Justiça italiana condena geocientistas

Um erro histórico de um tribunal italiano

 

Eduardo Salamuni (*)

 

A condenação de seis sismólogos italianos, além de um representante da defesa civil nacional, por não terem previsto o terremoto devastador de março de 2009 que ocorreu em L’Aquila no centro da Itália é uma notícia que abalou a ciência, em especialmente as geociências. Não fosse o inusitado da condenação, talvez o episódio caísse na vasta lista das tragédias naturais inevitáveis.

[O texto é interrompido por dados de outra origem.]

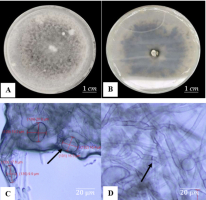 Macroscopic and microscopic characteristics of C. gloeosporioides after 7 days of incubation: (A) Upper view of the colony; (B) Lower view of the colony; (C) Conidia; (D) Septate hyphae.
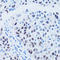 p53 antibody, LS-C746919, Lifespan Biosciences, Immunohistochemistry paraffin image 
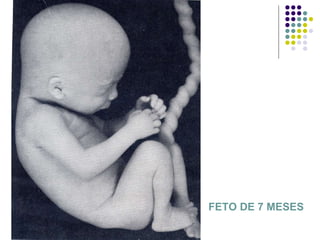 FETO DE 7 MESES 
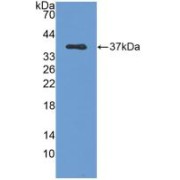 Western blot analysis of recombinant Human RELA.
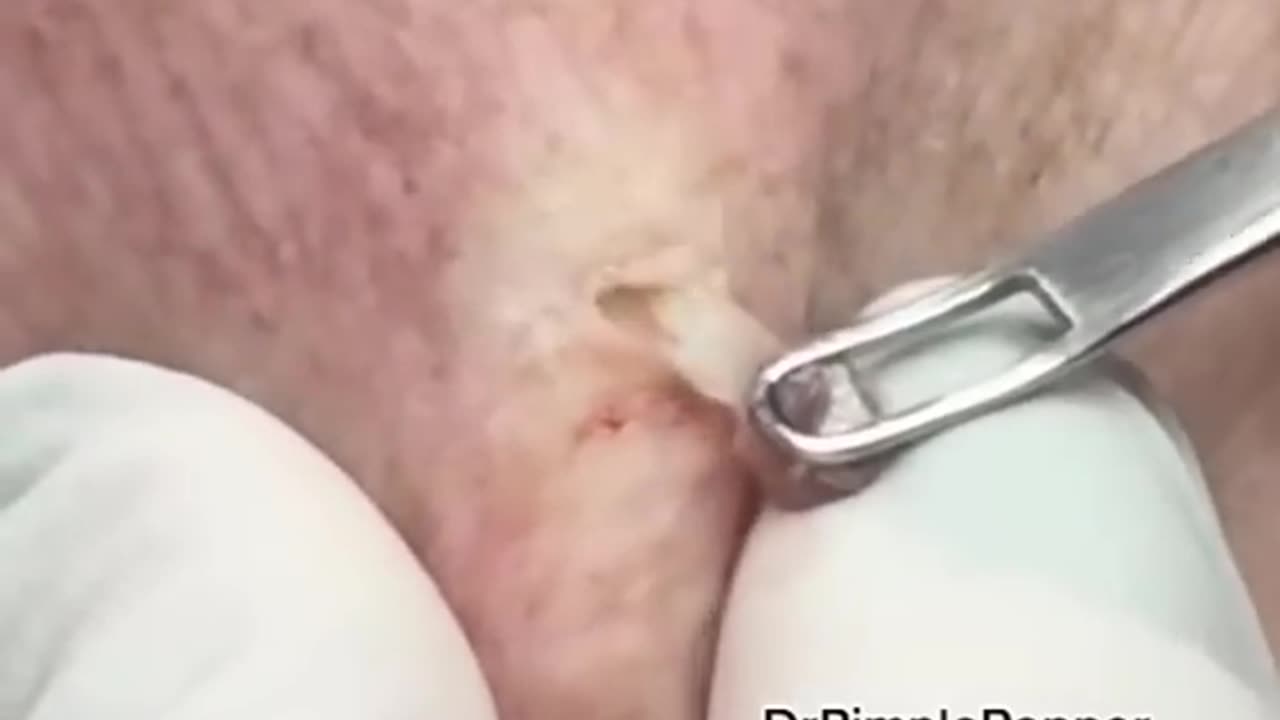 WHAT is this on the arm Extractions with Dr Pimple Popper shorts dpow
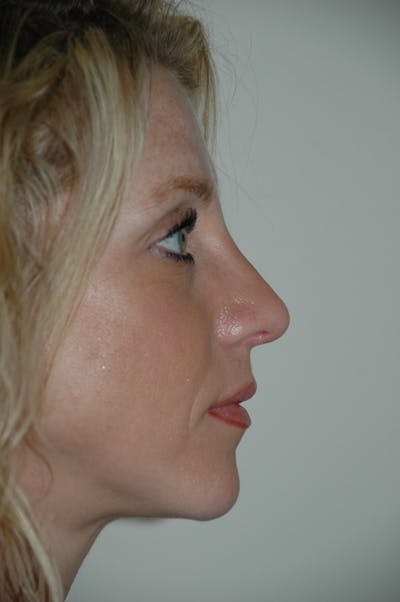 Rhinoplasty Before & After Gallery - Patient 52507131 - Image 2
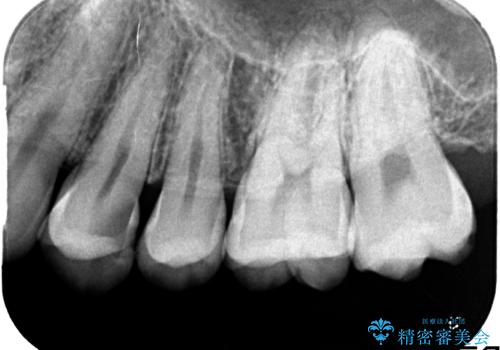 気づかないうちに大きな虫歯が　神経を保存し、セラミックで修復の治療前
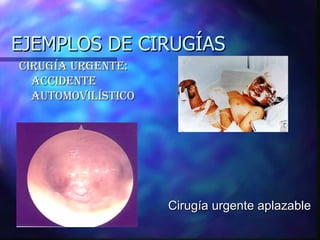 EJEMPLOS DE CIRUGÍAS Cirugía urgente: accidente automovilístico Cirugía urgente aplazable 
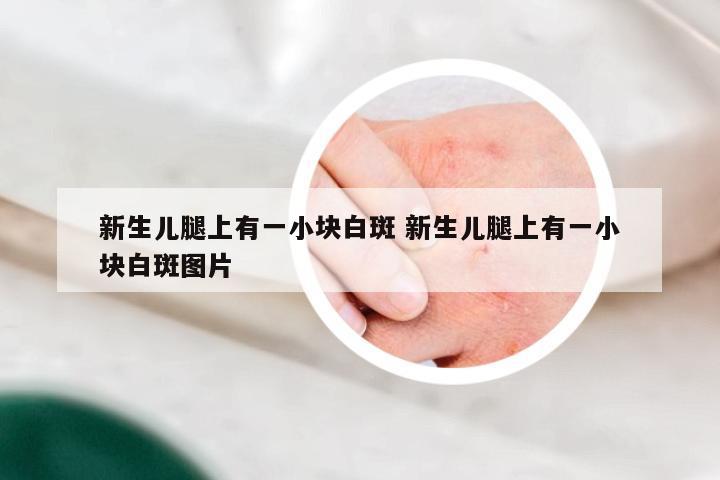 新生儿腿上有一小块白斑 新生儿腿上有一小块白斑图片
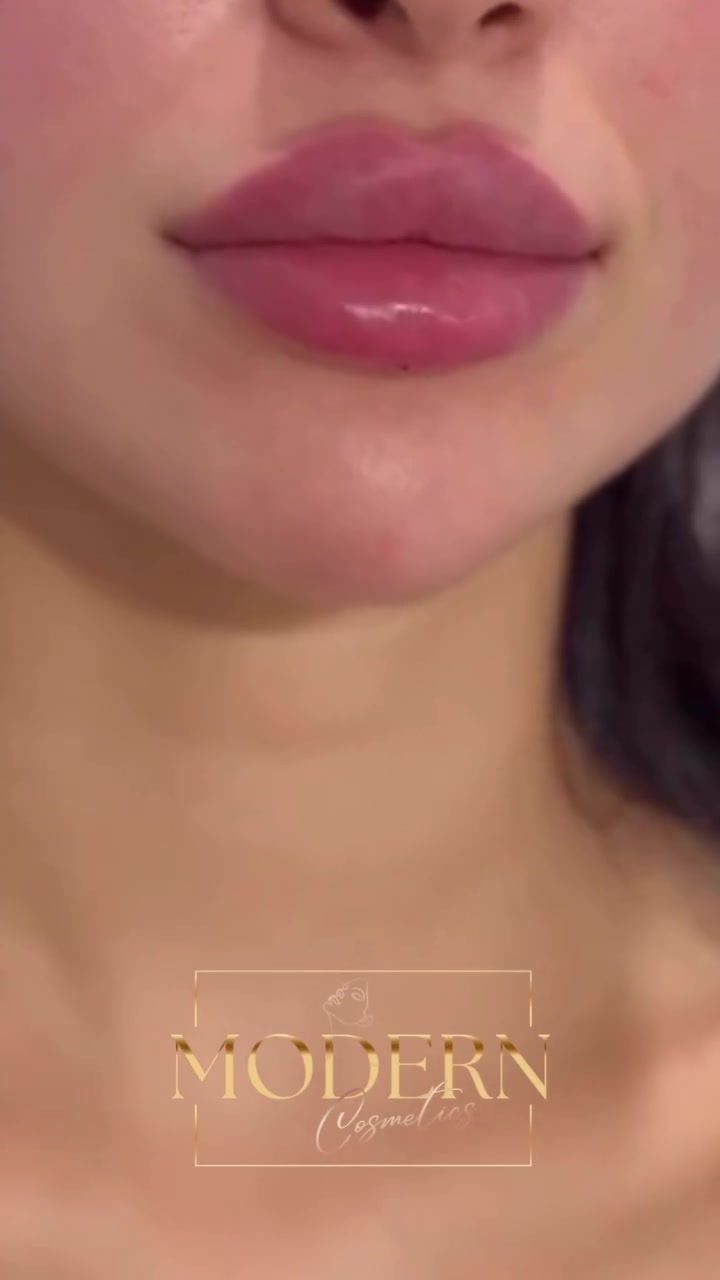 Modern Cosmetics' Subtle Lip Filler Transformations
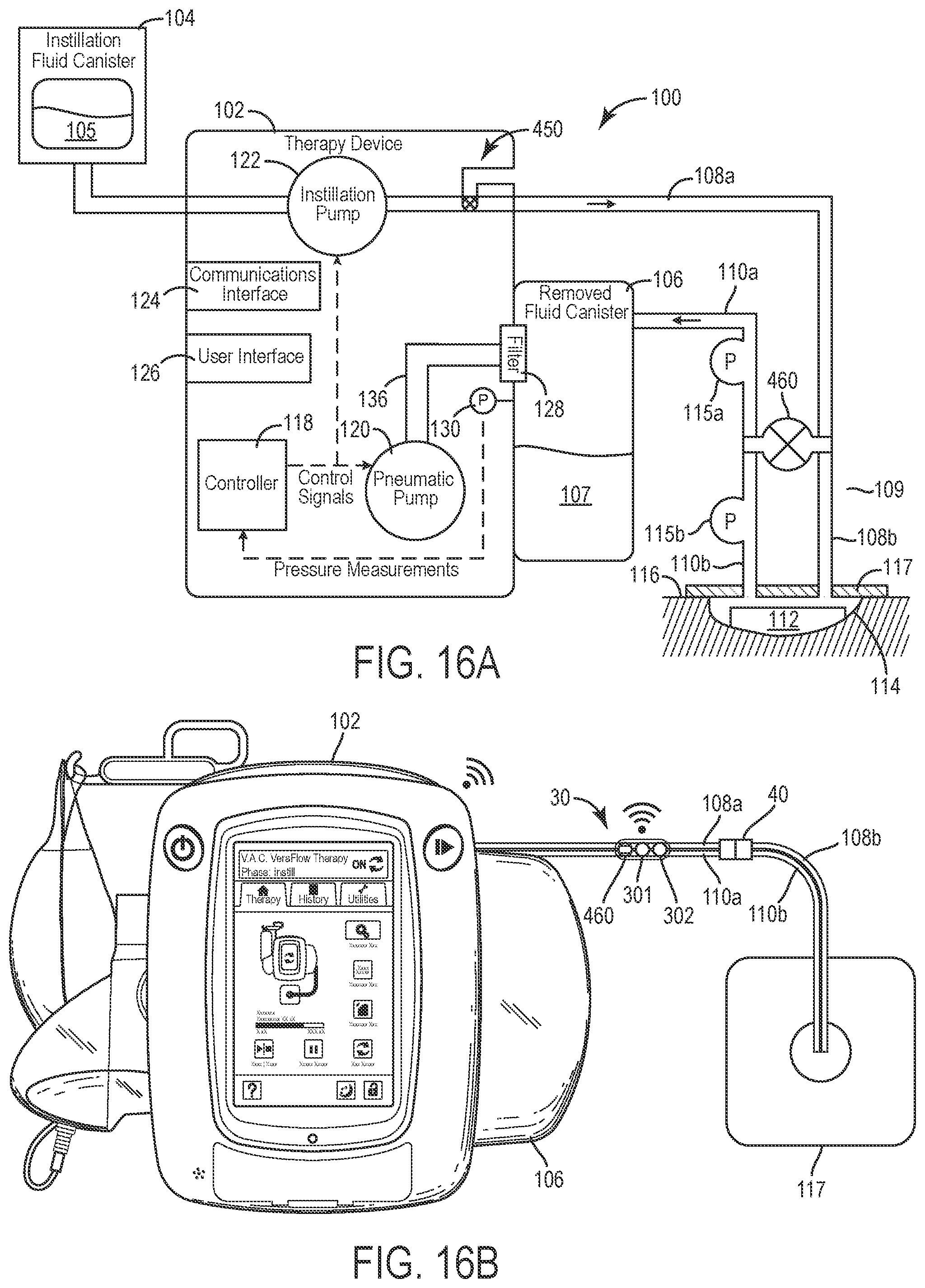 Patent US12403235 Figure 18 – Wound therapy system with internal alternating orifice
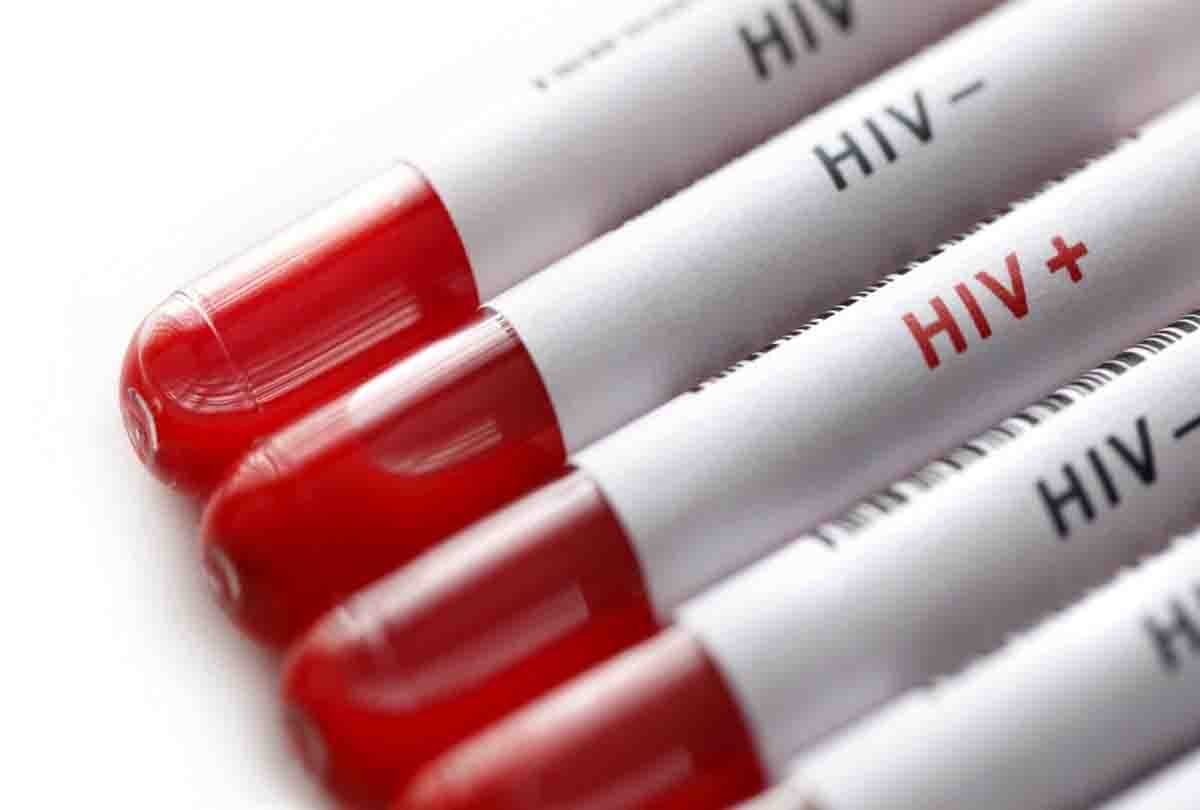 HIV stands for human immunodeficiency virus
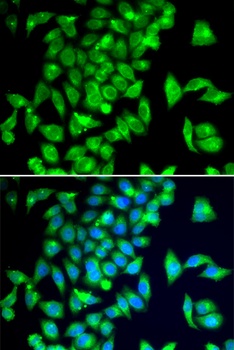 TPH2 Antibody
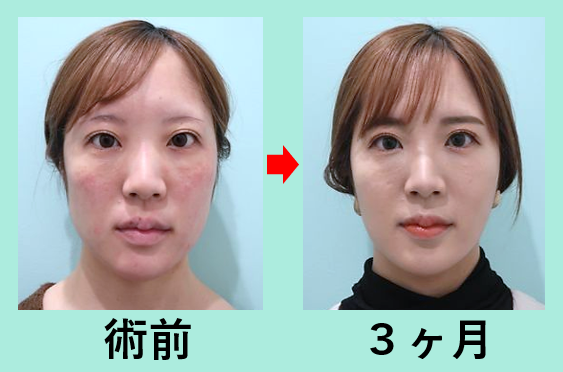 脂肪吸引量 少なめ 多め 標準 果たして結果の違いは ３人分まとめてご紹介 東京 銀座の美容外科クリニックwom Clinic Ginza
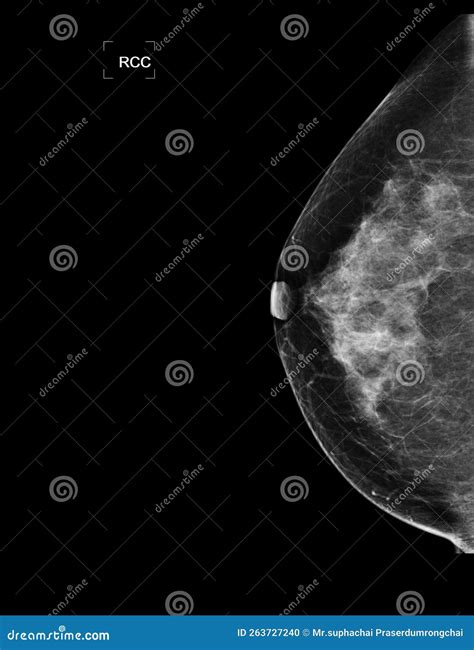 X Ray Digital Mammogram Or Mammography Of Both Side Breast Showing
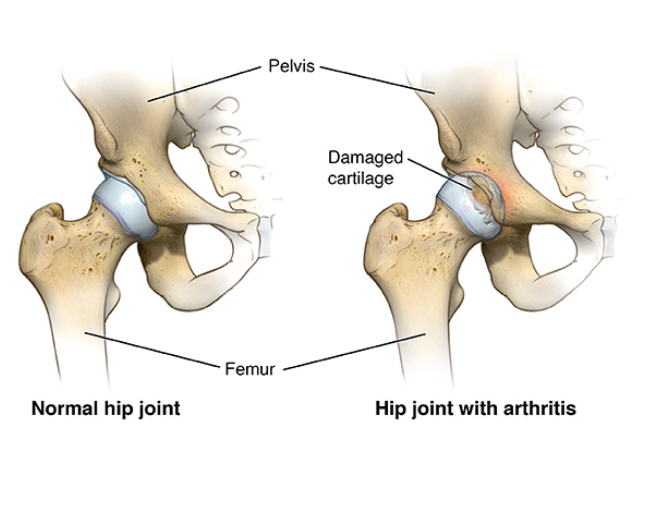 Hip joint with arthritis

O espanto da condenação se dá não só porque é injusta, mas também porque tem por consequência a quebra de um paradigma construído duramente pelas ciências da natureza, que é considerar a probabilidade – ou até mesmo a incerteza – como parte da explicação científica sobre um fenômeno natural qualquer.

Para a corte italiana, os geocientistas precisariam ter alertado a população de L’Aquila que haveria um terremoto com potência destrutiva suficiente para danificar boa parte das construções locais. Certamente promotores, jurados e juiz questionaram os nossos colegas italianos do por quê não previram o momento em que isto ocorreria!

Como geocientista, só tenho a lamentar a absurda decisão tomada. Caso essa tese prevaleça como jurisprudência toda a ciência estará em cheque, bem como quem a utiliza em seu cotidiano profissional. Cientistas estarão prestes a perder a liberdade, sob o jugo de uma cega espada que sustenta uma falsa ideia de justiça.

Os exemplos são incontáveis e vale apenas citar alguns: poderia o meteorologista ser punido por não alertar a comunidade agrária de Santa Catarina, sobre o risco de perdas da pecuária catarinense decorrentes da anômala onda de frio que nos atingiu nos primeiros dias de primavera?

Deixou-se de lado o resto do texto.